Folks who are resilient get more in touch with their sense of purpose when faced with a change and look for ways to increase their sense of meaning in what contribute. That’s great, but what if we’re not sure what ours are or how to figure that out? I think many of us are confused by the notion of purpose. We like to think it’s a thunderbolt from the sky that sets us off on a well laid path from which we never deviate. It doesn’t work like that for most of us. The path is always a mystery for the soul that is on it. In fact, it is the searching for the path and leaning into the mystery that is ours to do. Only in hindsight, can we see the line we’ve created by our fumbling in the dark.
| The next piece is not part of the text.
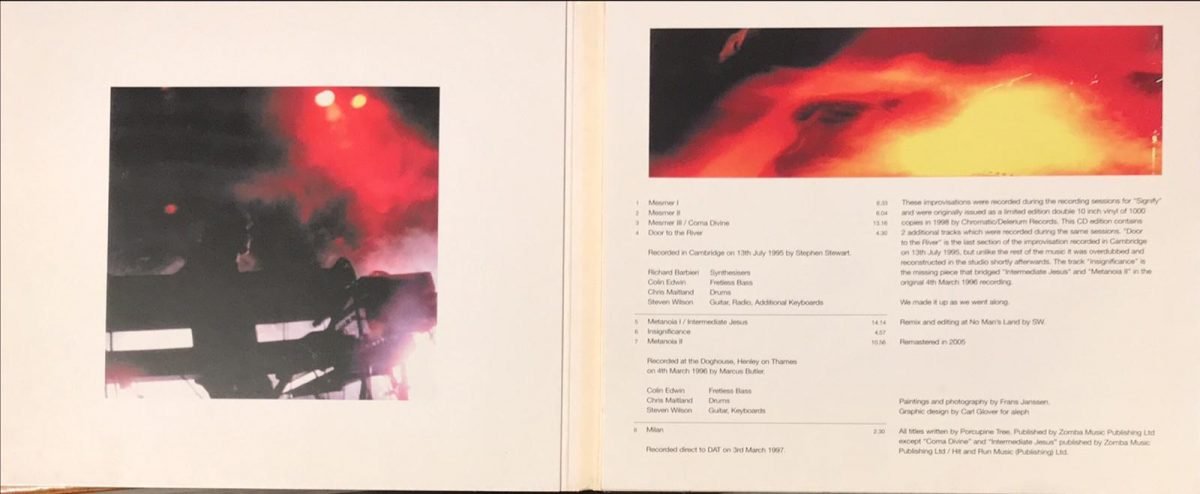 Porcupine Tree ‎– Metanoia CD - Görsel 3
There are ways to get closer to our sense of purpose. Here are a few elements which when taken together, become the compass we can use to find our way in the unknown:

LIVE

L: What do I love?

I: What are my inner thinking talents? What are the habitual ways I approach problems?

V: What are my values? What really matters to me?

E: What environments bring out the best in me?

  1. Envision Your Next Chapter

“Pain pushes until vision pulls.” – Anonymous

When we have an unasked change, one chapter of our life comes to a close and a new one is about to begin. The uncomfortable gap in between is the transition. It doesn’t usually feel so good, but recognizing what’s going on can help alleviate a bit of the discomfort. So can viewing your life as a book with many chapters. Because we’re all living longer and change is accelerating, we will go through many chapters, each with its own dramas, excitement, requirements and difficulties. This approach to change can help us make sense of our lives as a whole, and encourage us to seek the story of our lives beneath the day-to-day surface activities. It provides the long view.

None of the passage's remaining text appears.